Le 9 novembre 1847, au banquet de Lille, le drapeau de la Révolution « Liberté, Égalité, Fraternité » est brandi et Ledru-Rollin rappelle dans son discours les droits conquis par les travailleurs, après deux Révolutions.
C’est donc adopter la Révolution en bloc, 1789, 1792 et 1793, soit 40 ans avant Clemenceau !
La référence révolutionnaire surgit dans les mois qui précédent la Seconde République et celle-ci se poursuivra notamment dans la presse montagnarde. Je prendrai à titre d’exemple, la presse du département du Gers. Les raisons en sont multiples, mais le point essentiel de mon choix, réside dans le fait que le département du Gers se soulèvera lors du coup d’État de Louis Napoléon Bonaparte le 2 décembre 1851.
La mémoire de la Révolution française par l’intermédiaire de la presse semble jouer un rôle majeur dans cette mobilisation face à un coup d’État factieux.
La Révolution de 1848 marque une étape importante dans la résurgence de Robespierre et plus globalement de la Révolution. 1848 poursuit la Révolution non aboutie de 1789-1799. Pour les révolutionnaires de 1848, la « Grande Révolution » est une référence incontournable.

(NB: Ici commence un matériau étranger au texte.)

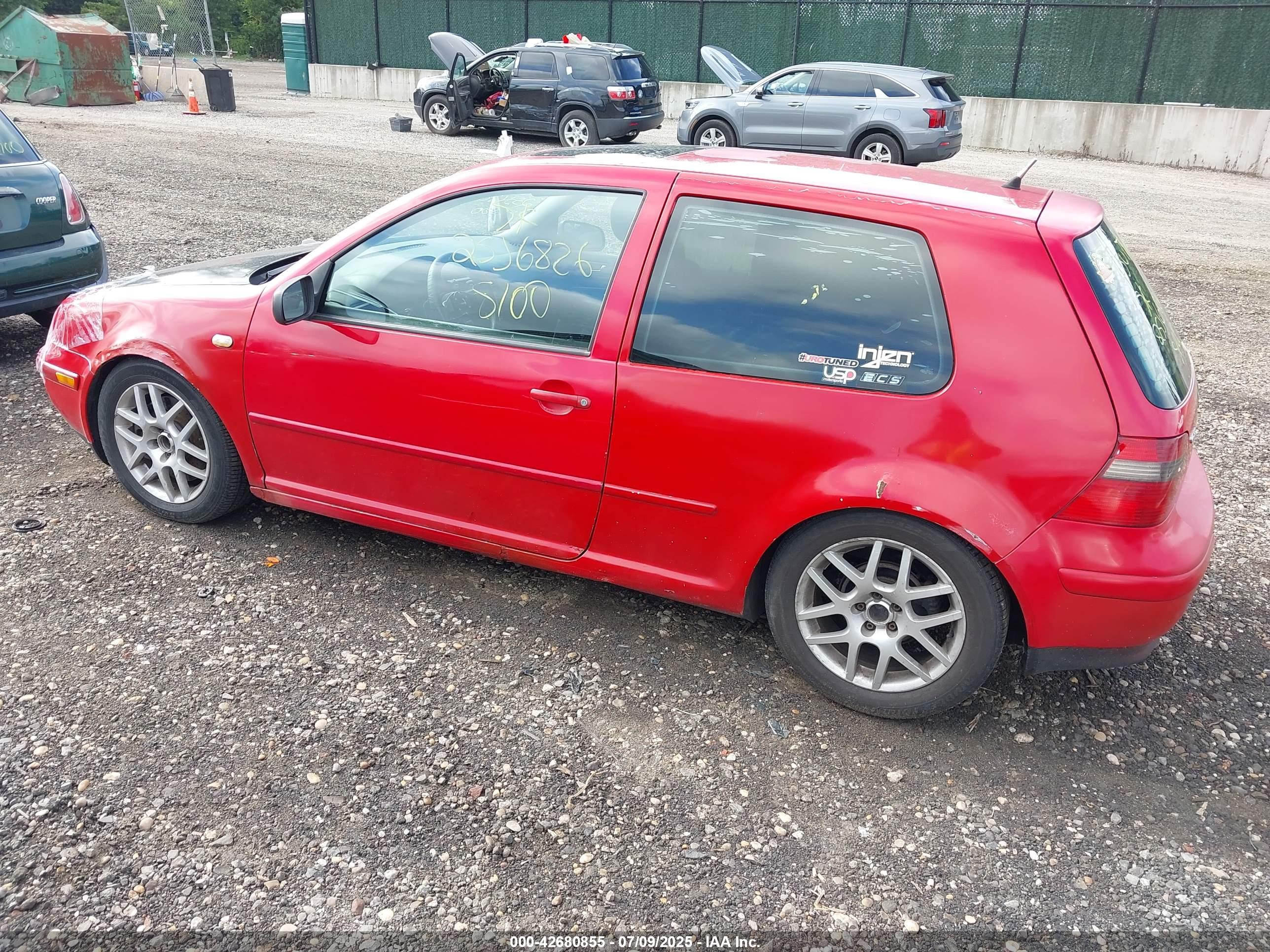 VOLKSWAGEN GTI image 3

La République issue de février 1848, rejoue, sans être identique 1789 et l’An II. Deux conceptions de la République sont mises en avant en 1848 [1], une révolutionnaire, l’autre conservatrice. Puis la révolte de juin 1848 à Paris semble mettre entre parenthèse la République démocratique et sociale dans la capitale.
Cependant, cette conception de la République démocratique et sociale n’est pas morte malgré la terrible répression de juin, pour preuve, avec un décalage certain, une partie de la Province se dressera contre le coup d’État de Louis Napoléon Bonaparte le deux décembre 1851.

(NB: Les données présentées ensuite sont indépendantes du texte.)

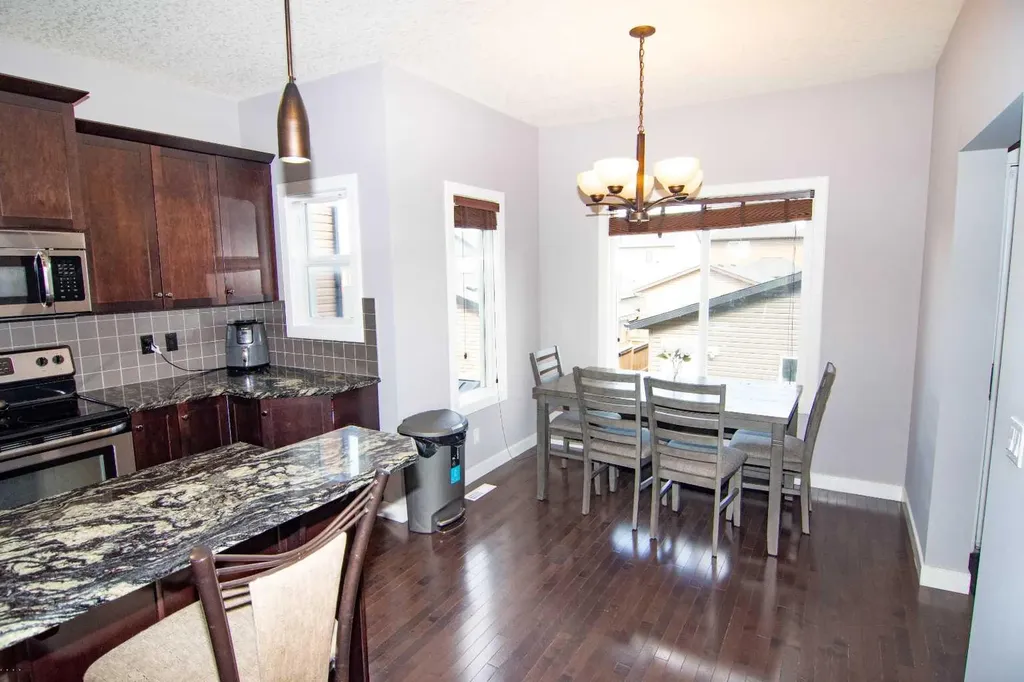 209 Evansdale Landing NW Calgary AB T3P 0C6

Quelle est la part prise de la mémoire de la Révolution et de celle de Robespierre dans cette opposition au coup du deux décembre 1851 ?

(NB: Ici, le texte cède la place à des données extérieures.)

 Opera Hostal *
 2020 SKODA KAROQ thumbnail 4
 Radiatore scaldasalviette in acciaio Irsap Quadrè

Comment mobilise-t-on les démocrates socialistes de 1848 ?
Enfin, qu’elle est l’organe majeur de cette mobilisation ?
Je prendrai comme exemple la presse du département du Gers durant la période 1849-1851, car celle-ci semble jouer un rôle de premier plan, dans la propagande républicaine.
Les noms de Robespierre, de la Convention… sont pris en exemples voir comme références. De 1849 au coup d’État, les journaux comme « L’égalité », « Le Bien du Peuple », « L’Ami du peuple »… font un usage politique du souvenir révolutionnaire. Le souvenir devient une arme politique.
La mémoire de la « Grande Révolution », s’exprime dans le journal « L’égalité [2] » en ces termes le 27 avril 1849 : « De tout temps, nous avons vu les rois, les nobles, les prêtres, les financiers, les gros bourgeois, s’entendre pour exploiter le peuple. Ce sont les mêmes privilégiés qui ont la prétention de nous conduire aujourd’hui … ». Le lendemain, le même journal poursuit : « Nos pères, ceux qui ont fait 89 et 92 … ont arraché le peuple à la domination du château, de l’église… ». Il poursuit le 30 avril 1849 : « C’est au nom de la vraie République (avec l’ancienne Montagne)… je n’ai vu partout jusqu’ici que les riches trompeurs et les pauvres trompés … ». Le 8 mai 1849 : « Républicains du Gers au nom de la République en danger… Républicains ! Si vous ne voulez pas le retour d’un passé justement odieux… marchez au combat électoral au cri de vive la MONTAGNE… ».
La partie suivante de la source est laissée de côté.